Don’t be afraid to make mistakes.
Let your little one read and interpret the story their way. Don’t keep correcting them if they make mistakes with pronunciation or the speed of their reading. Most children will enjoy the bonding time and the fact that you are listening; this will help build confidence. If your child has a younger brother or sister, let them read to them. This will help you and allow your children to spend some quality time together. Put on silly accents and voices when you read.
Don’t force your child to read.
A kid’s love for books should come naturally. If kids learn to enjoy reading they can open up so many more opportunities – from being able to confidently read their work at school, understanding exam questions, completing job applications in later life. The more words your kid knows, the better chances they have.
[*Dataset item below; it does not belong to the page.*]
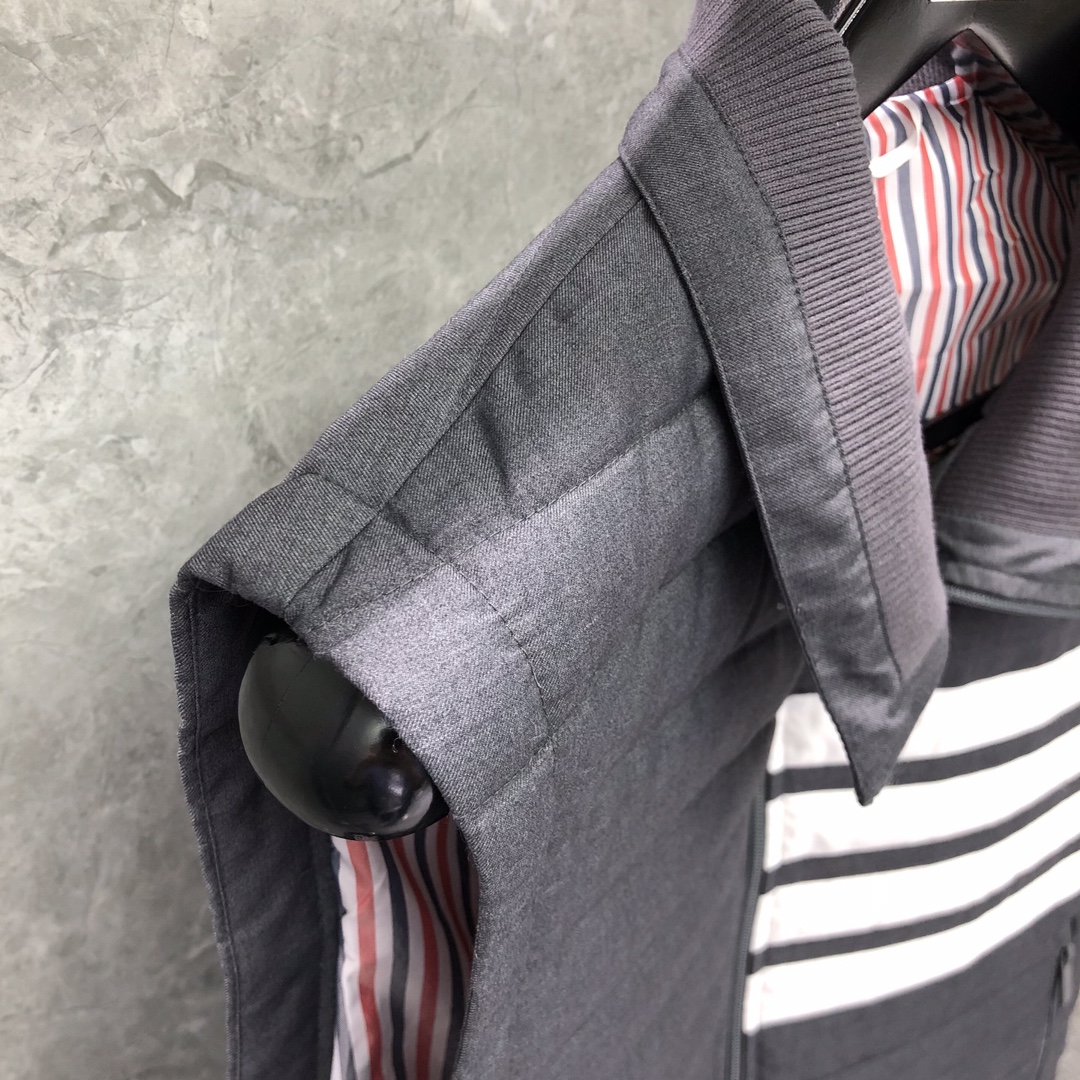 Product detail image 3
Children are sometimes given reading as a punishment – ‘they must read every day’. We feel it is better to let your child enjoy reading – it could be funny poems, a joke book, a classic chapter book such as Charlie and The Chocolate Factory or even a magazine. It’s all reading.
If your child doesn’t feel like reading some days, then instead talk about the characters, storyline, or author. Talk about what makes a great story. And what makes a great ending. Your child will read a book when they are ready.
Do let your child read to you.
Some great advice is to encourage your child to read a book to you. This can also help reduce screen time for your child. Your child will learn new words as they read to you, perhaps snuggled in the living room spending time together.
Let your children read to you without interrupting them, allow their confidence to grow. A child loves to have your attention as you listen to them.
You can help your kids if they ask you for help regarding any particular word but just let them go with the flow of reading. This will increase their confidence in reading on their own. Whether they read to you or you read to them, keep the reading time short and interesting.
Do show kids how to enjoy books.
Many children will enjoy watching films and the corresponding books. Even from a young age you can introduce your child to films and books such as the Julia Donaldson books, Disney films – Sleeping Beauty to The Jungle Book – and superheroes. All will offer an opportunity for great conversations and encourage your kid to love reading.
Do encourage audiobooks – they’re still books.
Audiobooks can also be used to help your child read independently. Listening to audiobooks can help a child understand and develop expression and pronunciation, speed, and suspense.
They could read along with the book, or become familiar with the story by listening to an audiobook at bedtime or in the car with other kids. Your child will soon have a beloved author before you know it.